I assigned it to read. You can read it for yourself. Kepler, Newton, Descartes, and Galileo all proposed theories of the tide. Says no, only one of them is much related to the one today. And even Newton's is really quite substantially off. Newton ignores the rotation of the Earth.
That's a very big deal, as a matter of fact. But it's not the rotation versus the annual motion is the rotation. I'll just do this for a moment, teach you a little physics. It's called Coriolis Forces, Newton discovered them but his name is not attached to them because he didn't publish about it.
Think of the surface of the sea and what speed it's moving. Think of the depth, the lowest point in the sea and what speed it's moving circumferentially. Those are different speeds. The consequence of viscosity is to set up vortices. And those produce currents in the ocean and have a huge effect on tides.
You should know about them. That's what dominates our weather. The same effect occurs, high altitude versus low altitude, and is why the weather is so difficult to handle, etc., it's a fundamental point. You put that together with the driving force of the Sun and the Moon, and the friction of the bottom of the seas, and you get a theory of the tides done properly for the first time in the 1770s by Laplace.
Long way away. We'll see it at the end of this course, but it's a long way away. At any rate, somebody I got to know, his name is Paolo Palmieri, wrote a dissertation defending Galileo's Theory of the Tides. It was done in England. He's obviously Italian. He's now a professor at University of Pittsburgh, HPS, and has been for quite some time.
That's history, philosophy, and science. He had an interesting background. He was an engineer, he was an engineer for Ferrari and went back to get a PhD in history of science when he was near 40. What was his specialty? The effect on racing cars of the sloshing of fuel in fuel tanks.
So, he actually was in a position to evaluate. And the dissertation, as I think you can see the number of pages, it's 150 pages. I've given you three pages. You can download it on JSTOR. You can see the table of contents here. The one quote, this is a quote from Galileo, but he's gonna defend it.
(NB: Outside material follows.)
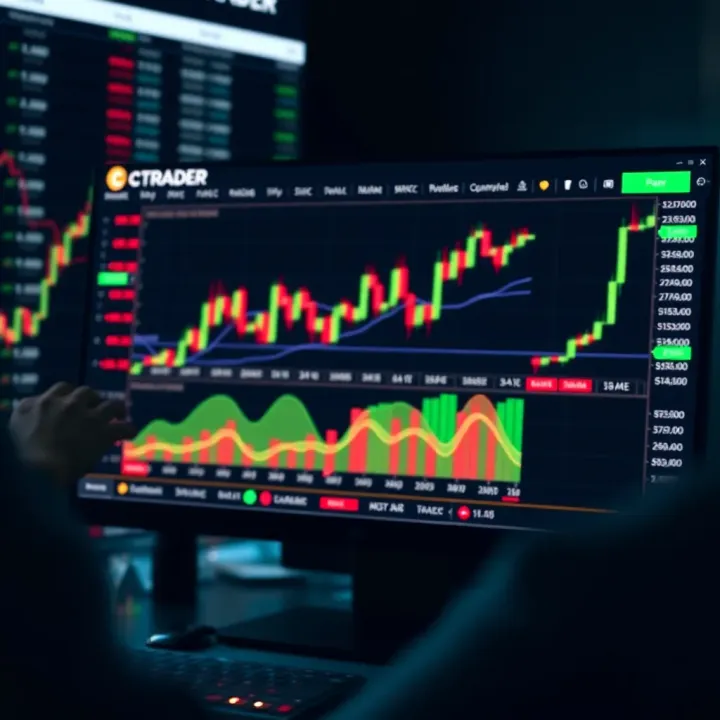 Análisis completo de cTrader para traders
The reciprocations of movement, what I just described as resonance, just mentioned are made and repeated with greater and less frequency, that is, shorter and longer times, according to the various lengths of the vessels containing the water. In the shorter space, the reciprocations are more frequent and they are rarer in the longer, just as in the above example.
In the plumbobs, I'm not gonna read this whole thing. So this is a claim. He's done experiments to show this sloshing occurs and the frequency depends on the length of the sloshing, and the next page is showing you Paolo's reproductions of such experiments to show that he could, indeed, have carried them out and observed exactly what he said he observed.
That there is such a sloshing and it does have a definite frequency that depends on the width and the length. So, Palmieri has made the point. It's not that he's making the point that this is a correct theory of the tides. What he's arguing is Galileo was not crazy here at all.
He had something that he knew about and he tried to extend it sensibly to the phenomenon of the tides. Questions on that? If not, I'm running late, and I wanna save time. So I'm gonna move through the trial very quickly now. I mean, read the book for yourself.
It's a wonderful book to read. Just listen to me. It is not a major contribution to science. It is a huge contribution to the climate in which science was done. And the Protestant world made sure of that, for the next 300 years, actually, it's a little more than 300 years.
In 1992, the church decided, well actually in the 1880s, Leo V decided, that what Galileo said in the letter to the Grand Duchess, became the official church's position on the relation between scripture and science, almost word-for-word. And then in 1992, Galileo was formally acquitted by the Catholic Church.
Didn't do him much good. But the decision was made, and it was wrong. And there's a very nice book by Finocchiaro called Retrying Galileo, it looks at all of the attempts to reconsider him from 1633 to the present.